Liane M. Hewitt

Position
Ph.D. Student
Role
History Department/Economic History Workshop
Title
Class of 2022
Bio/Description

Born in France to Canadian diplomats, Liane is a Ph.D. student in the History Department specializing in the history of Modern Europe from the late nineteenth through the mid-twentieth century. Her interests broadly lie at the intersection of economic and international history, while also incorporating insights from business, labor, political, legal, and consumer histories.

Liane's undergraduate thesis investigated historical alternatives to the joint-stock company (notably co-operative enterprises, including credit unions, consumer co-operatives, and producer co-operatives) in Britain and France from 1848 to 1890. Her current research continues to examine how changes in national and international corporate organization affected transformations in European society, politics, and culture from the 1890s through the 1950s. Her dissertation is particularly concerned with what contemporaries grappled with bewildered amazement as the "new industrial revolution" (Meakin, 1928) or the "new industrial system" (Levy, 1928): that is, the rise of multinational corporations, the massive concentration of industry and banking into a few hands, and the international cartel movement that swept the industrialized world beginning after the downturn of the 1880s. Liane is especially interested in tracing how, contrary to received wisdom, a popular anti-cartel movement in Europe--led by the consumer co-operative movements--created the institutional groundwork and vocabulary for post-1945 governments and the European Economic Community to delegitimize and illegalize cartel capitalism.

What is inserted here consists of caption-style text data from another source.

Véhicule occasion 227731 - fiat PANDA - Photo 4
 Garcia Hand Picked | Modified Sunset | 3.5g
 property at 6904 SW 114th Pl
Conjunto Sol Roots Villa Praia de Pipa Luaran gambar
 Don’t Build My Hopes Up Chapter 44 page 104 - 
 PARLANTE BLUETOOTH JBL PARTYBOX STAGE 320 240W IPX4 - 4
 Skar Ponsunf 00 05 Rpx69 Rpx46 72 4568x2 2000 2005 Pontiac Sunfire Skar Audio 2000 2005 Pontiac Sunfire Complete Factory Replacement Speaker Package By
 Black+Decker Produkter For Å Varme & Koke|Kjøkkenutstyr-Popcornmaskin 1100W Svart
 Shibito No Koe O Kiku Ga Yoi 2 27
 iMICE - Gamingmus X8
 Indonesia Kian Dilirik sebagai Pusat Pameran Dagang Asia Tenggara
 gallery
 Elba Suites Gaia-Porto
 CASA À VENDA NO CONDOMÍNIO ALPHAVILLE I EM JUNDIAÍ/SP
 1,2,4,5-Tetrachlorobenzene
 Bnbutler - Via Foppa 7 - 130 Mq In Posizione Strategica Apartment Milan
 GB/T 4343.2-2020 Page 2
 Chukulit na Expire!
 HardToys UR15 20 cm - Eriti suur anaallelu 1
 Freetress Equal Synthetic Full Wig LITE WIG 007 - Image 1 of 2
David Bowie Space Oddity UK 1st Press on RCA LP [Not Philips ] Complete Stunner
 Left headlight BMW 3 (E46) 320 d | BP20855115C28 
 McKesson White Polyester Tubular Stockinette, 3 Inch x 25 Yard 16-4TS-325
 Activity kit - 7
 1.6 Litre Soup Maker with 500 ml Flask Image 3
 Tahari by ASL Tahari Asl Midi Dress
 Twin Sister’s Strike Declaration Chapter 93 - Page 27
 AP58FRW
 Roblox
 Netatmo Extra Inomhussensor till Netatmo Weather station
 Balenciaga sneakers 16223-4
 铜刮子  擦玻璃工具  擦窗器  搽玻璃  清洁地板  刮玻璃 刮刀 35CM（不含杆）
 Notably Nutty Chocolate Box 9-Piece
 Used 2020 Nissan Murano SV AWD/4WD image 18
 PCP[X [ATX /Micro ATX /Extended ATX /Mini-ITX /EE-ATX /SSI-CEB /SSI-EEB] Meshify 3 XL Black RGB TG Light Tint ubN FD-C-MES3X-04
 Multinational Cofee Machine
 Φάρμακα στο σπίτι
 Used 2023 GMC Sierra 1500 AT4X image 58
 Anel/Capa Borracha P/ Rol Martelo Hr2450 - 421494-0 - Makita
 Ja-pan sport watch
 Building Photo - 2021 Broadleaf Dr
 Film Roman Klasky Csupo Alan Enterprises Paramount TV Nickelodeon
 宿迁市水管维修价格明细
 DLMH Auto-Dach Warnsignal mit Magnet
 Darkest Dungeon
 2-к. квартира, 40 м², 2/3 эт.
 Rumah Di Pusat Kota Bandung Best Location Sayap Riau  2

As unprecedented trends toward business concentration draw significant attention and raise concerns in some quarters, Liane hopes to connect her historical work with current public policy debates on economic inequality, competition law, and the concentration of economic and political power more generally. Monopolistic organization served as the pivot for Europeans’ contestation of global capitalism in the early twentieth century, and the resolution of these struggles after 1945 produced a consensus that may now be disintegrating and in need of revitalization.